Aber längst ist Ingolf Lück im Fernsehen nicht mehr von „Ingolf Lück“ zu unterscheiden. Egal, was er moderiert, ob die Pro-Sieben-Panelshow „Die 100 nervigsten irgendwas“, die ZDF-Panelshow „Nachgetreten“ oder die neue Kabel-1-Panelshow „Darf man das?“, an der das einzig Bemerkenswerte ist, daß sie letzte Woche mehr junge Zuschauer hatte als der gleichzeitig laufende Sat.1-Hochglanz-Thriller „Blackout“ — er moderiert es immer in derselben Art, die einmal eine Parodie war, und heute einfach die Art, wie Ingolf Lück eine Sendung moderiert. Kein anderer Fernsehmoderator ist in den vielen Jahren auf dem Bildschirm so sehr eins geworden mit der eigenen Karikatur wie Ingolf Lück — mit Ausnahme vielleicht von, ja, Servus, Herrschaften, Thomas Gottschalk.
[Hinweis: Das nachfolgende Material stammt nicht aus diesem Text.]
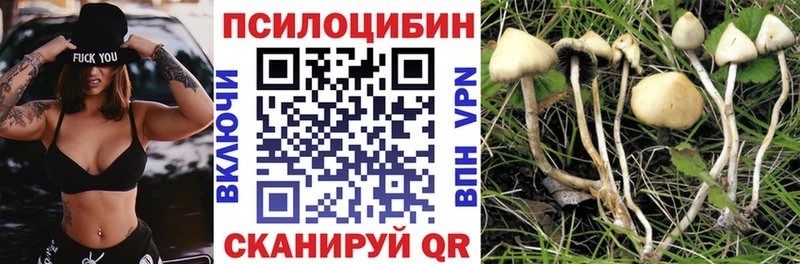 Псилоцибиновые грибы Psilocybe  Купить где  Сергач 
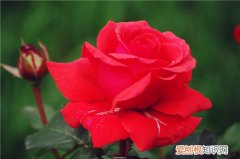 月季花什么时候开 月季的开花条件有哪些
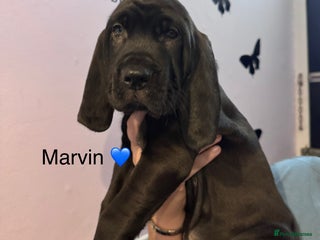 Mixed Breed dogs - Advert 35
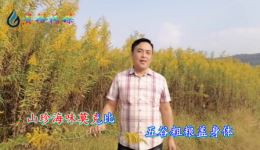 贵州山歌《人生短暂要珍惜》贵裕演唱 正版山歌资源下载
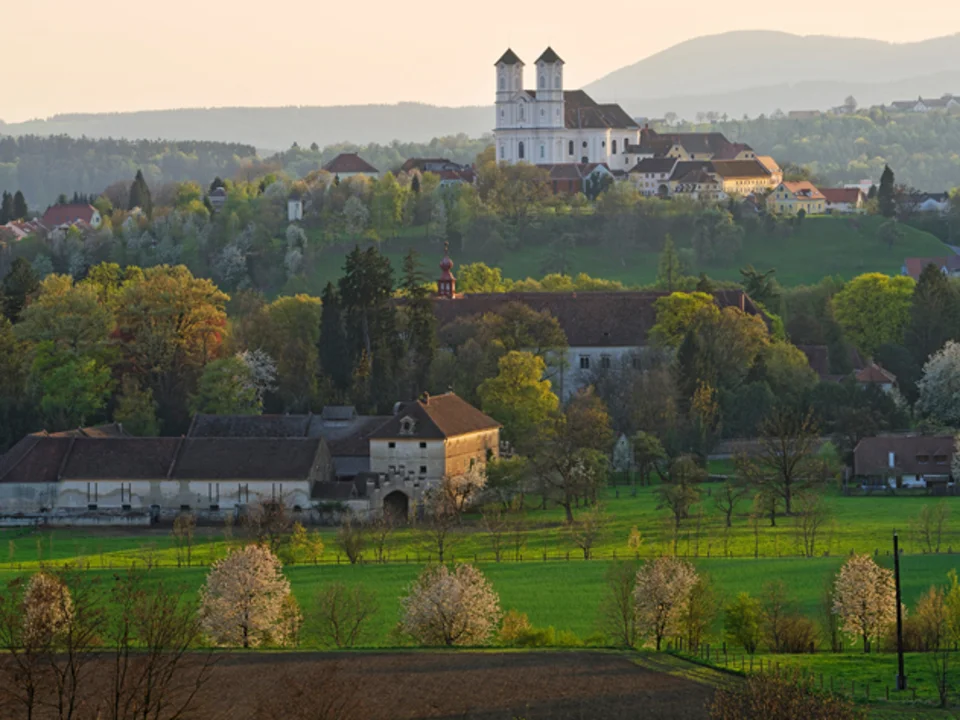 Ausblick auf die Basilika am Weizberg.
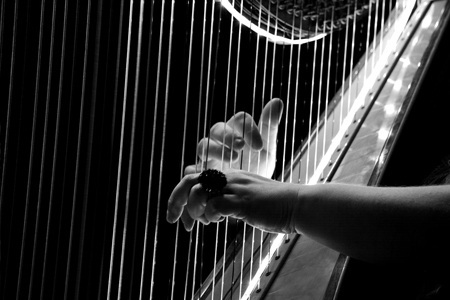 Harp Music Lessons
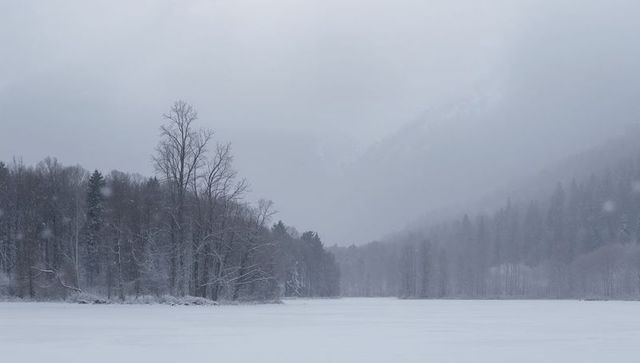 Misty winter valley with frozen lake, bare deciduous trees and snow-covered pines under falling snow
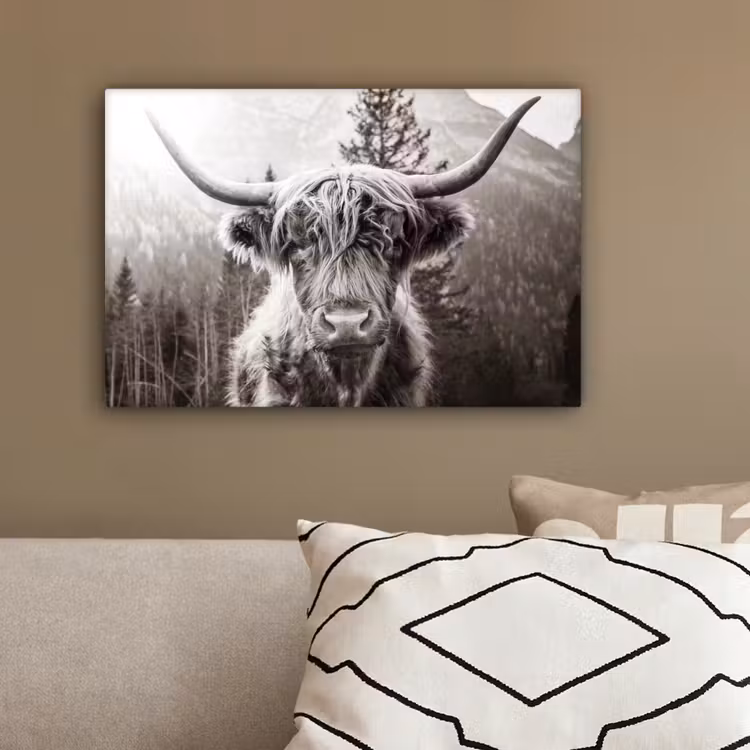 Schotse hooglander - Koe - Dieren - Zwart - Wit canvas 2cm klein -sfeer3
Aber im Zweifelsfall ist es dann vermutlich doch angenehmer, als seine eigene Karikatur Claudia Schiffer und die neue Single von Justin Timberlake anzusagen, als Lou Richter und einen gespielten Witz von Christina Plate.

Ich weiß nicht, ob es für Ingolf Lück ein Segen ist, daß die Fernsehsender ihre Sendungen offenbar immer wieder von „Ingolf Lück“ moderieren lassen wollen. Oder ein Fluch.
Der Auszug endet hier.